Face à cette situation, les producteurs espagnols réclament des droits de douane sur ces fraises marocaines, arguant que sans cette mesure protectionniste, leur secteur pourrait gravement être menacé, si l’on s’en tient au journal espagnol  » La Razon ». Mais, leurs revendications se heurtent cependant à la réalité des accords commerciaux entre l’Union européenne et le Maroc, qui visent à favoriser le libre-échange tout en soutenant les secteurs économiques des pays en développement.

Pour les agriculteurs espagnols, l’introduction de ces droits de douane serait un moyen de rééquilibrer la balance et de protéger un secteur crucial de l’économie andalouse.
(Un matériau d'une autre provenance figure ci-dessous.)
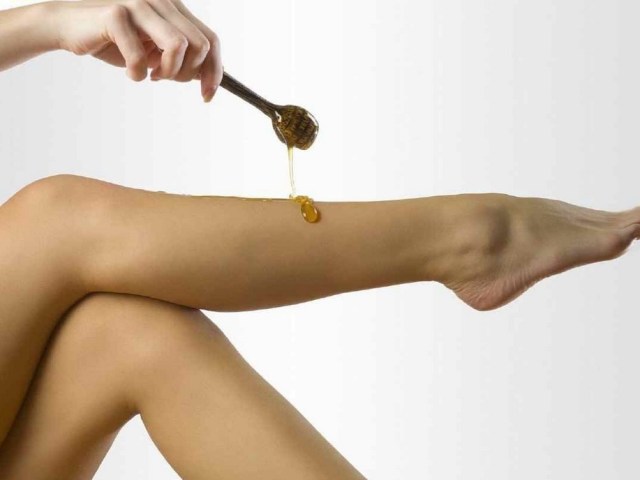How and what can be removed, wash wax from the skin of the body and stickiness after depilation: methods, recipes, tips, recommendations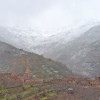 La neige tombe sur le village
Cependant, cette position soulève des questions : pourquoi vouloir ériger des barrières commerciales contre un pays qui fournit une main-d’œuvre indispensable à la récolte même de ces fraises ? Il est difficile d’ignorer l’ironie qui sous-tend cette demande de protectionnisme, venant de ceux qui tirent profit des mêmes acteurs qu’ils cherchent à éloigner du marché.

La dépendance paradoxale à la main-d’œuvre marocaine

Chaque année, des milliers de travailleurs saisonniers marocains, en majorité des femmes, traversent la Méditerranée pour rejoindre les champs de fraises espagnols. Leur rôle est crucial dans la chaîne de production : sans eux, les fraises resteraient sur les plants, pourrissant sous le soleil andalou. Cette main-d’œuvre bon marché permet aux producteurs espagnols de maintenir une rentabilité qu’ils ne pourraient atteindre en employant des travailleurs locaux, plus coûteux et moins enclins à accepter des conditions de travail souvent difficiles.

Cette dépendance à la main-d’œuvre marocaine, que certains qualifient même d’exploitation déguisée, met en lumière un autre paradoxe. Les mêmes fraises récoltées par les Marocains sur le sol espagnol sont ensuite mises en concurrence avec celles produites au Maroc, créant une double pression sur les agriculteurs espagnols : d’une part, ils dépendent des Marocains pour récolter leurs fruits, d’autre part, ils voient leur propre production menacée par les importations en provenance de l’autre côté du détroit de Gibraltar.

Equilibre fragile à l’ère du libre-échange

La situation met en lumière les tensions inhérentes à la mondialisation et au libre-échange. D’un côté, les agriculteurs espagnols sont confrontés à la dure réalité de la concurrence internationale, où les coûts de production plus faibles au Maroc leur donnent un avantage certain sur le marché européen. De l’autre, ils se retrouvent dans une position où leur propre modèle économique repose sur l’exploitation de travailleurs étrangers, créant ainsi un système de dépendance paradoxal.

L’appel à des droits de douane, bien qu’il puisse offrir un répit temporaire aux agriculteurs espagnols, risque de déclencher une réaction en chaîne aux conséquences imprévisibles. Imposer des droits de douane pourrait inciter le Maroc à réviser les accords de main-d’œuvre saisonnière, privant ainsi l’Espagne de la main-d’œuvre nécessaire pour récolter ses fraises. De plus, cela pourrait créer des tensions diplomatiques entre le Maroc et l’Union européenne, mettant en péril d’autres aspects des relations bilatérales.

Tentation de la fermeture

Face à ce dilemme, la tentation de recourir au protectionnisme est forte, mais elle reste une solution de court terme qui ne s’attaque pas aux racines du problème. Ce que les producteurs espagnols doivent comprendre, c’est que leur survie à long terme dépendra non pas de l’érection de nouvelles barrières, mais d’une adaptation à un marché de plus en plus globalisé, où les coûts de production, la qualité et la flexibilité sont les maîtres-mots.

Pour l’heure, l’appel à des droits de douane sur les fraises marocaines semble davantage être le reflet d’un malaise plus profond au sein de l’agriculture espagnole, une agriculture coincée entre la nécessité de s’adapter à un marché globalisé et la tentation de se refermer sur elle-même, au risque de se priver des ressources humaines qui lui sont indispensables. Le véritable défi pour les agriculteurs espagnols sera de trouver un équilibre, de redéfinir leur modèle économique pour qu’il soit directement compétitif et équitable, tout en maintenant les relations essentielles qui leur permettent de prospérer.